▸ PROBLEM TO WORK ON
Begin your copy at the line with "Torba za pohranu" in the records below and end it at the line with "Load image into", restating each line word for word; omit the pictures.

(EXTRACTED RECORDS)

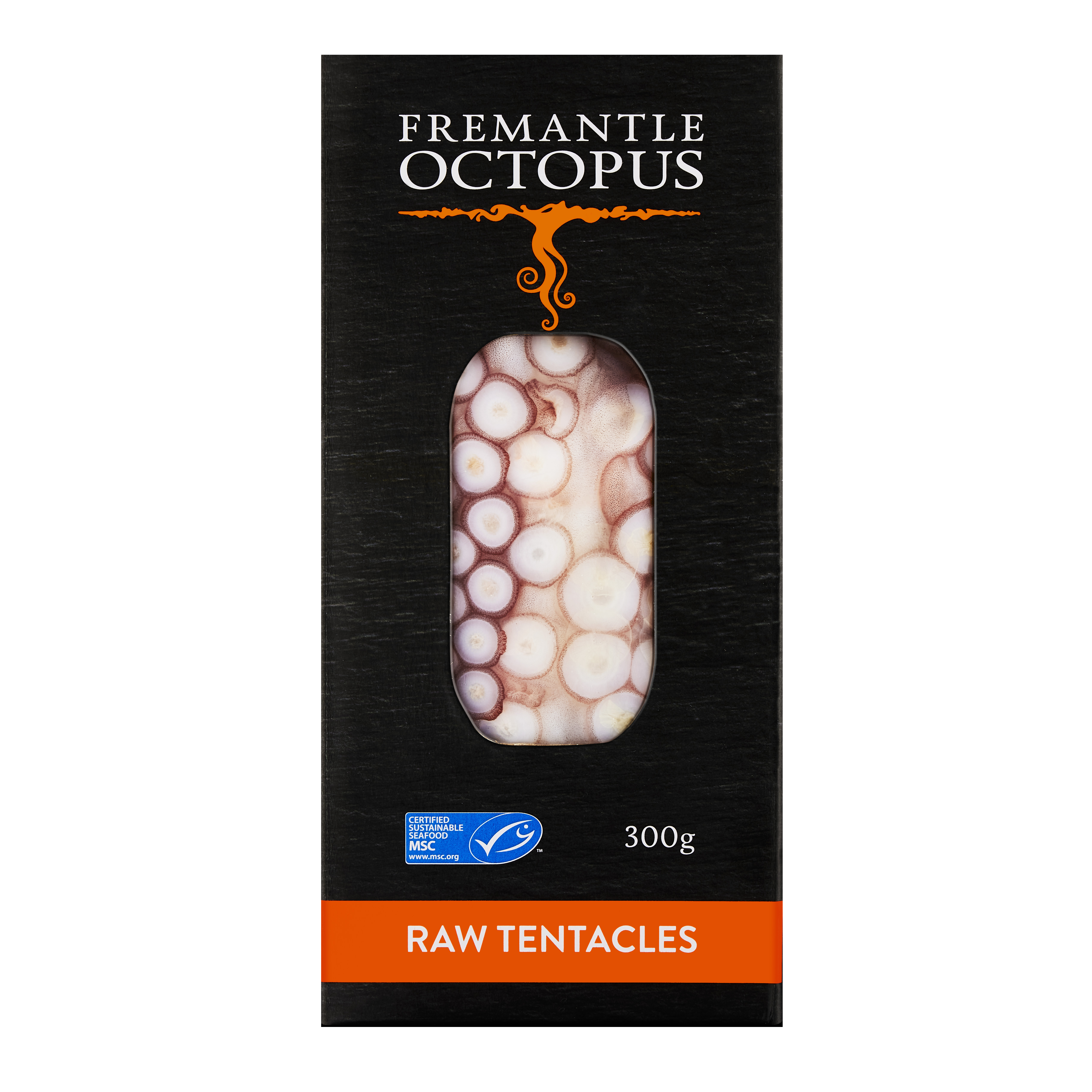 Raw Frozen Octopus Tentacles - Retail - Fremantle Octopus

(End EXTRACTED RECORDS)
(EXTRACTED RECORDS)

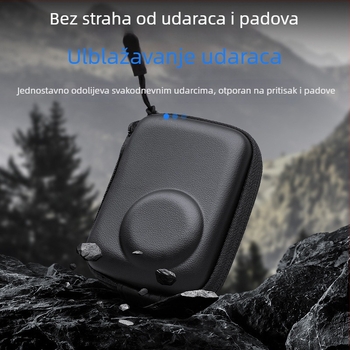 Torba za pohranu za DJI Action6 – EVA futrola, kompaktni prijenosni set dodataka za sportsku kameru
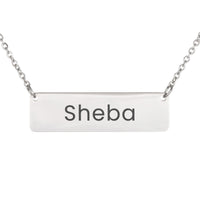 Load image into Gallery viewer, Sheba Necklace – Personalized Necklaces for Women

(End EXTRACTED RECORDS)
(EXTRACTED RECORDS)

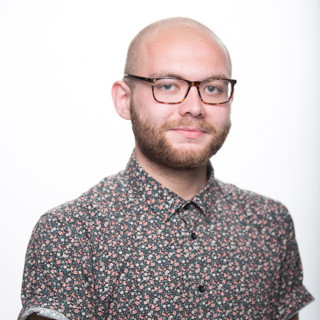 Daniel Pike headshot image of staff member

(End EXTRACTED RECORDS)

▸ SOLUTION TO THE EXERCISE
 Torba za pohranu za DJI Action6 – EVA futrola, kompaktni prijenosni set dodataka za sportsku kameru
 Load image into Gallery viewer, Sheba Necklace – Personalized Necklaces for Women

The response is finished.